A NATION OF LINKAGES © David Watts 18/04/2010

In the Stan Rogers song that became an unofficial Canadian anthem we find the words:

“Tracing one warm line” and “make a northwest passage to the sea.”

Québec poet laureate Gilles Vigneault does something similar with “mon chemin” (“my path”)

Rogers’ lyrics point to an underlying reality. Canada exists as a transcontinental country not as a result of a single resource, culture or industry nor as the result of a defining moment or encounter but as a series of carefully contrived connections.

Many other countries have such connections but with an essential difference. They built their roads, railways and communications to solidify an existing state. In Canada these came first.

Canada did not create these linkages: the linkages created Canada. Let’s start with railways:

Without the Canadian Pacific Railway, Canada would not be a nation from sea to sea but a patchwork of provinces along the Saint Lawrence and the east coast.

It was the Railway that opened, developed and built the Canadian West, and the Company’s founding General Manager wielded more power than most provincial premiers. .

Confederation would not have taken place in 1867 without the promise of an Intercolonial Railway linking the Maritime Provinces to Canada on the Saint Lawrence and the Great Lakes.

We can take this a step further. Comments from the 1830’s make clear that the dream of a transcontinental railway preceded that of Confederation itself.

In the international view of the Railway as the land link in a ferry series from Europe to Asia, Confederation was a prelude, the land assembly stage lining up the real estate for the line.

The search for a link to the Western Sea goes back to Champlain and the voyageurs, and earlier seagoing explorers that charted much of our Pacific, Atlantic and Arctic coasts.

The land in the middle they could not get around—Canada to us—they traveled over and built through, to reach the Far East. This became a bridge between hemispheres and continents.

Other links paralleled the steel: telegraph lines, hotels and resorts that became national parks. Irrigation canals for farmers. Coal mines, oil and water wells to supply locomotives.

From the telegraph lines of CN Rail in the 1920’s and 30’s came Radio Canada, the CBC or, as it first called itself, “the trans-Canada network of the Canadian Broadcasting Corporation.”

“Trans-Canada” was a common phrase until the 1960’s. There was Trans-Canada Airlines, now Air Canada, founded as the airborne arm of Canadian National Railways.

There was the Trans-Canada Highway that follows the original route of the CPR.
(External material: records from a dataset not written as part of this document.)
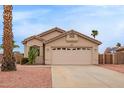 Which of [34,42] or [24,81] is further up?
[34,42]

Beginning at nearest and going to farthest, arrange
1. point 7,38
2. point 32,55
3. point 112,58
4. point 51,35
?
point 7,38 → point 32,55 → point 112,58 → point 51,35

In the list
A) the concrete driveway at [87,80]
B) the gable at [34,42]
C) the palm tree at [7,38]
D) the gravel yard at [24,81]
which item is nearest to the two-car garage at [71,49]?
the gable at [34,42]

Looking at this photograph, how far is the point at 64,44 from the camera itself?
40844 millimetres

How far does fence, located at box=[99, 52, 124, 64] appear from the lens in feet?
141

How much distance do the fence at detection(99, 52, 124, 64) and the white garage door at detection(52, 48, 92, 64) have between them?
9.89 feet

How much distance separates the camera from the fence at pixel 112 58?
42.9m

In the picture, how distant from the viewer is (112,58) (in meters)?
43.4

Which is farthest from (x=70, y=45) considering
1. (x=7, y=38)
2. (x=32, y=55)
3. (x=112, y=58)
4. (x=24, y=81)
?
(x=24, y=81)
There was the Trans-Canada Pipeline built in an early attempt at energy self-sufficiency.

There’s the Trans-Canada Trail, built over old roadbeds of rail lines that have been abandoned.

Most of these links—railways, telecommunications, pipelines—are physical and technological.

Cultural and spiritual linkages grew from transport and communications ones. Satellite and feeder stations created a French speaking network that made the bilingual policies of the 1960’s and 70’s a reality, and opened similar possibilities for our aboriginal peoples as well.

This electronic highway replicates the network by which aboriginal and French-speaking voyageurs traveled the country three centuries ago: a network that persists in the names of forts, settlements and northwestern lakes, streams and waterways.

This multi-stand network including internet facilitated the growth of a multicultural society:

Chinese and others who came to build the railways stayed to live in the land they had built.

Their descendents and others shaped the country in ways once unimaginable. Canada, Iroquois for “village,” became a global village: a microcosm of the United Nations she helped set up.

Seen this way, it’s no surprise that international affairs is a strong part of the Canadian legacy.

That’s because Canada, a Nation of Linkages is a natural model in a world seeking connections.

It’s no surprise that the best known Canadian photo, the driving of the last spike on the CPR, is about completion of our first major link, one that physically made us a country, and more.

Before that had been the search for a northwest passage as a trade route: a search now at an end

From completion of that project new ones arose: the growth of a Canadian consciousness, and a reaching out to establish new links abroad.

The railway joined at Craigellachie later adopted the slogan “Canada Pacific Spans the World.”

The meaning behind this was originally economic: the CPR as a global transportation system.

It came to mean something symbolic and spiritual, as the red-and-white checkerboard flag of the CPR calling in foreign ports gave way to the presence of the red-and-white Canadian maple leaf.

The international village has become a peaceful empire. Kanata is a spirit and influence human-kind can relate to, because it is a reflection of fundamental human values and diversity.

That kind of linkage is the kind of nation we are. That, and not old style, top-down imperialism, is the meaning of our motto:

“Dominion from sea to sea to sea, and from the river to the ends of the earth.”